> **Your instructions**: Among the entries below, only the lines from the one with "Nordic Snowflake Chunky sweater kit" through the one with "소형 밴, 콤비 밴 Mercedes-Benz" are to be retyped, exactly and without pictures.

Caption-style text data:
____________

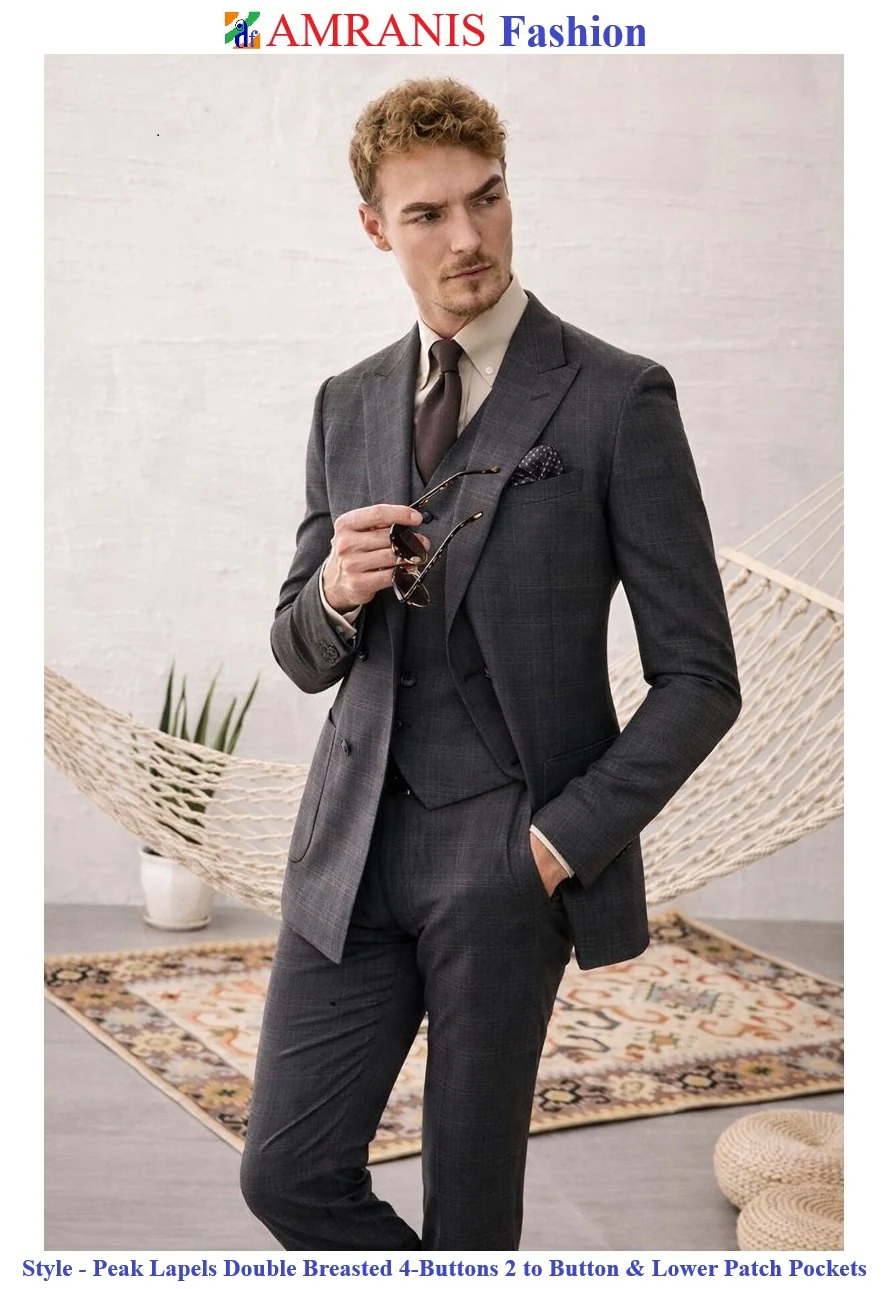 Amranis Fashion 17 (DB 4-Button 2 to Button)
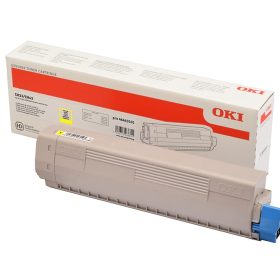 OKI Toner HY yellow 46443101 C833/C843 10'000 Seiten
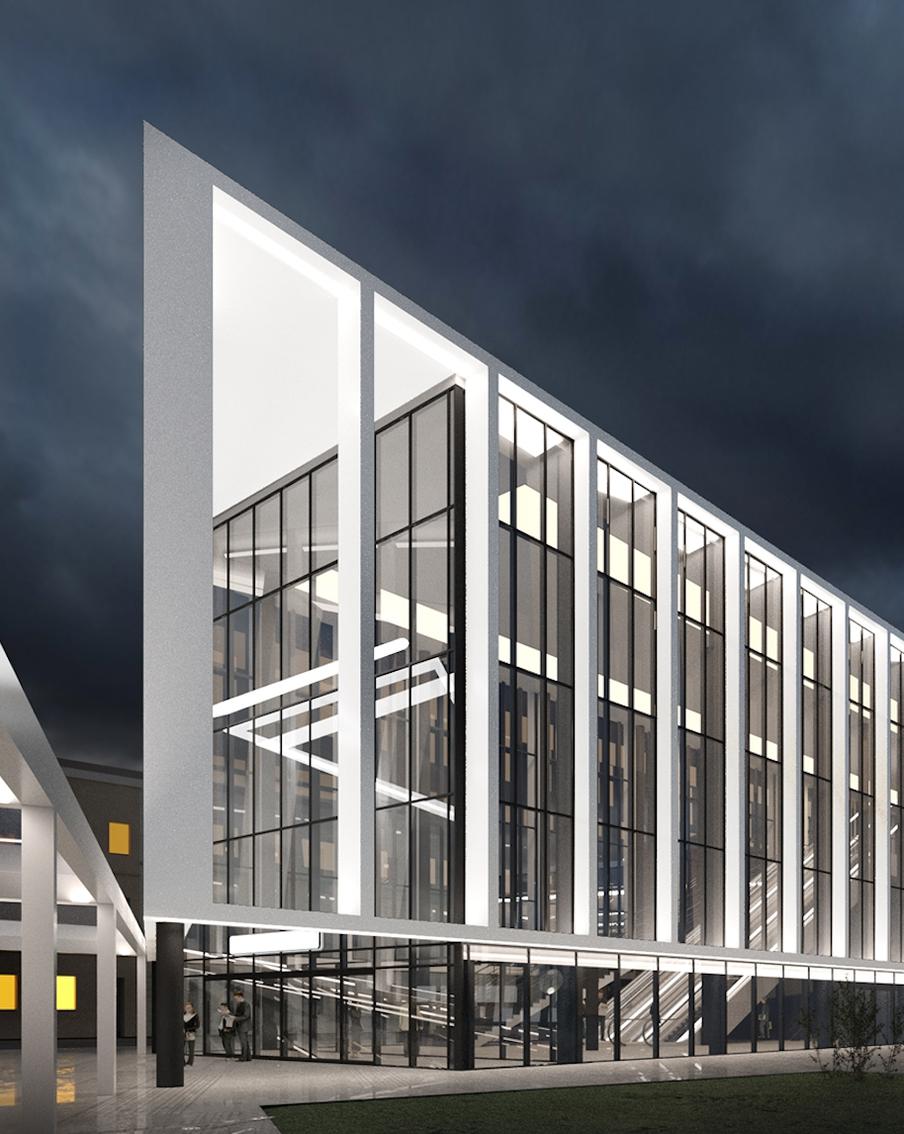 Десятков: завершён монтаж лифтов и кровли южного вестибюля вокзала "Серп и Молот"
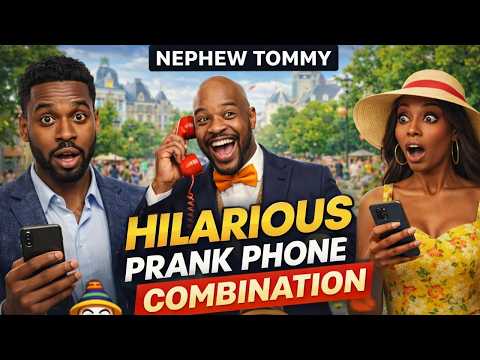 Nephew Tommy Funniest Phone Pranks – Hilarious Prank Call Compilation with Wild Reactions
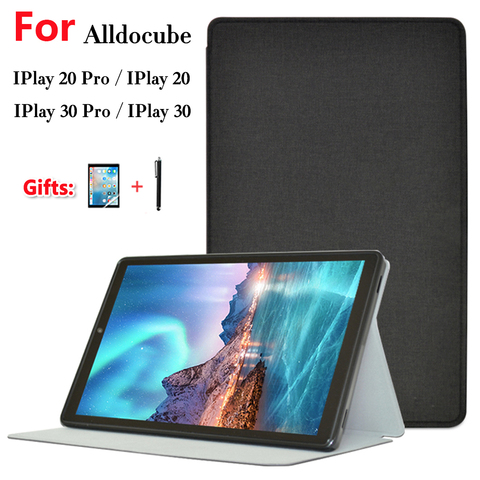 Stand Case Cover For ALLDOCUBE iPlay20 pro Tablet PC,Protective Cover Case For CUBE iPlay20 Tablet PC + film Stylus pen ► Photo 1/6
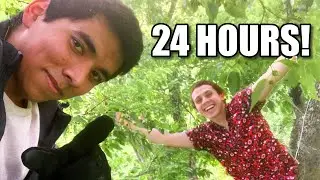 We Spent 24  Hours In A Freakin Tree!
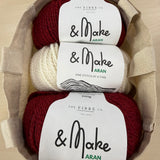 Nordic Snowflake Chunky sweater kit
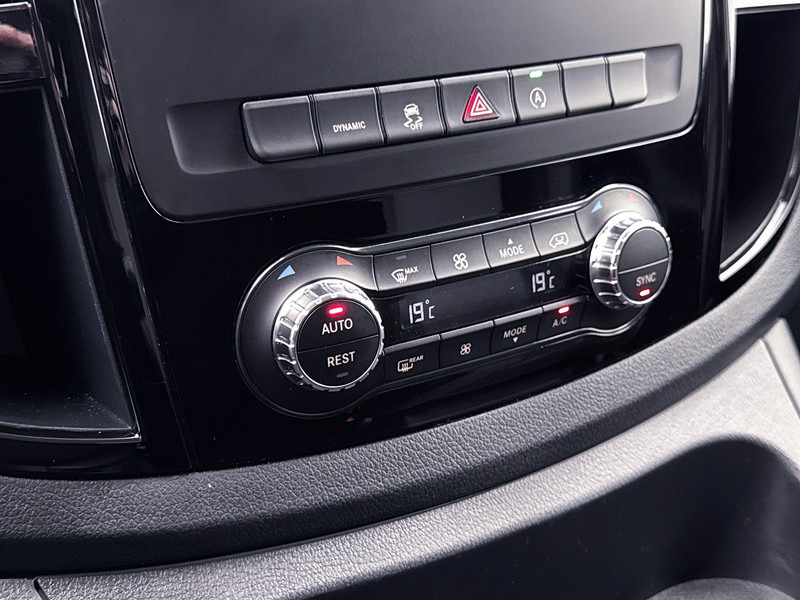 소형 밴, 콤비 밴 Mercedes-Benz Vito 119 CDI Lang DC Distronic 19"inch lichtmetaal 2x schuifdeur Led Stoelverwarming Navigatie Dubbele cabine Automatische airco : 사진 8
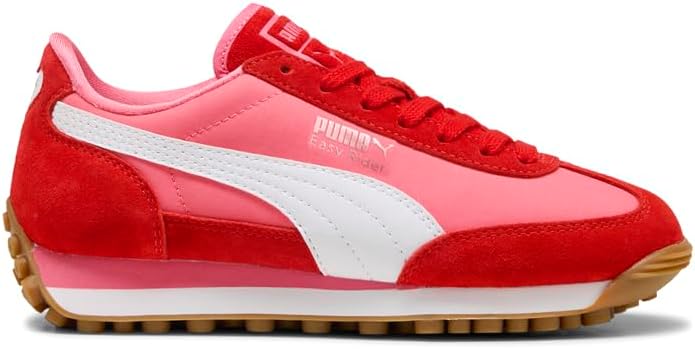 

Детские кроссовки Puma Easy Rider (для детей постарше), белый/красный
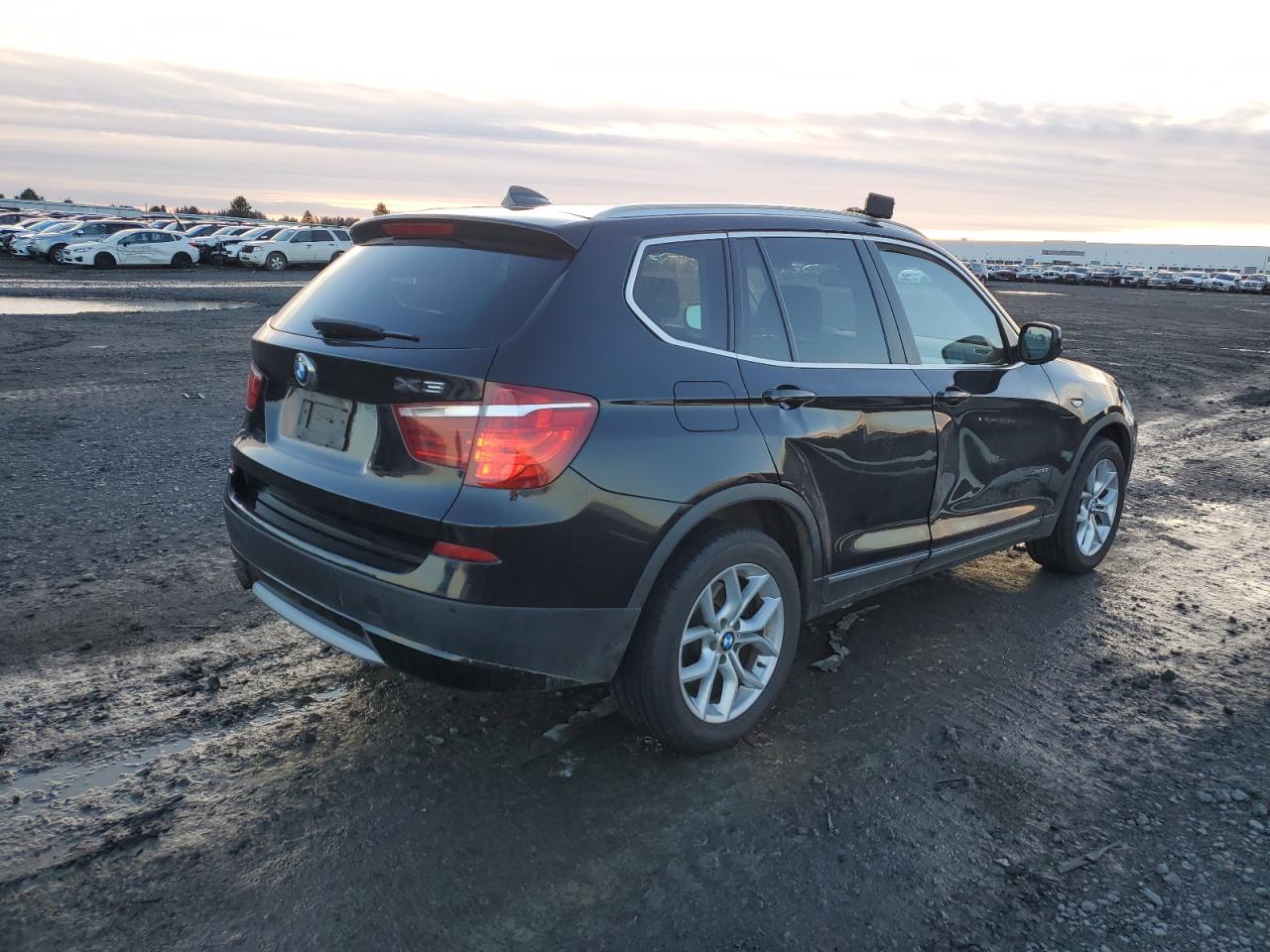 VIN 5UXWX9C59D0A09210 2013 BMW X3 no.3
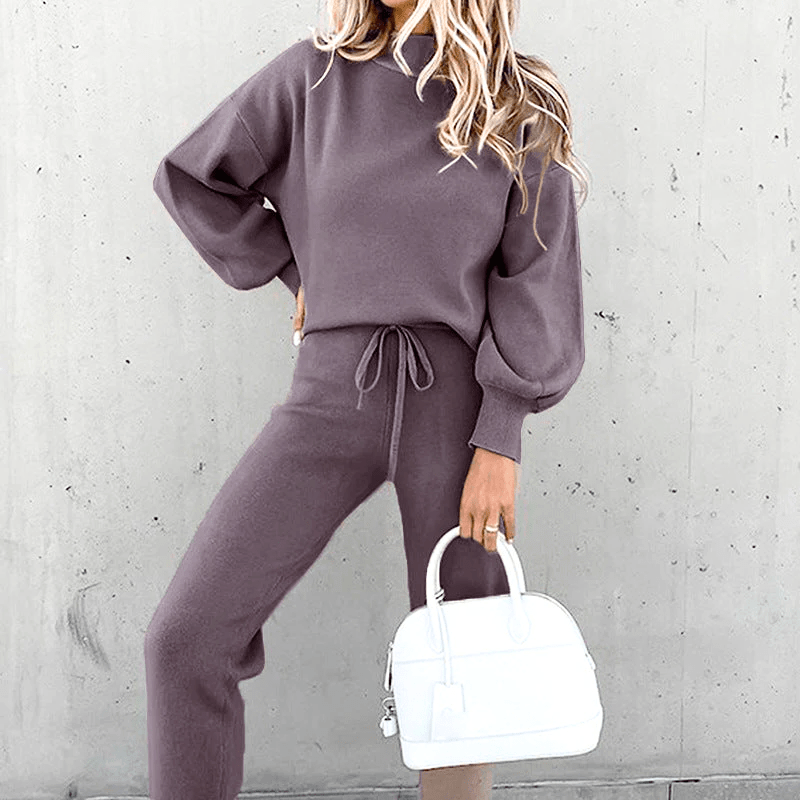 Levoire | Veste Imperméable Femme Coupe-Vent Chaude Lilas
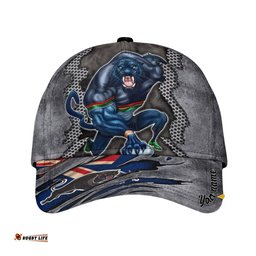 Personalized Nrl Classic Cap Penrith Panthers Classic Cap Mascot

____________

> **Solution to this exercise**:
 Nordic Snowflake Chunky sweater kit
 소형 밴, 콤비 밴 Mercedes-Benz Vito 119 CDI Lang DC Distronic 19"inch lichtmetaal 2x schuifdeur Led Stoelverwarming Navigatie Dubbele cabine Automatische airco : 사진 8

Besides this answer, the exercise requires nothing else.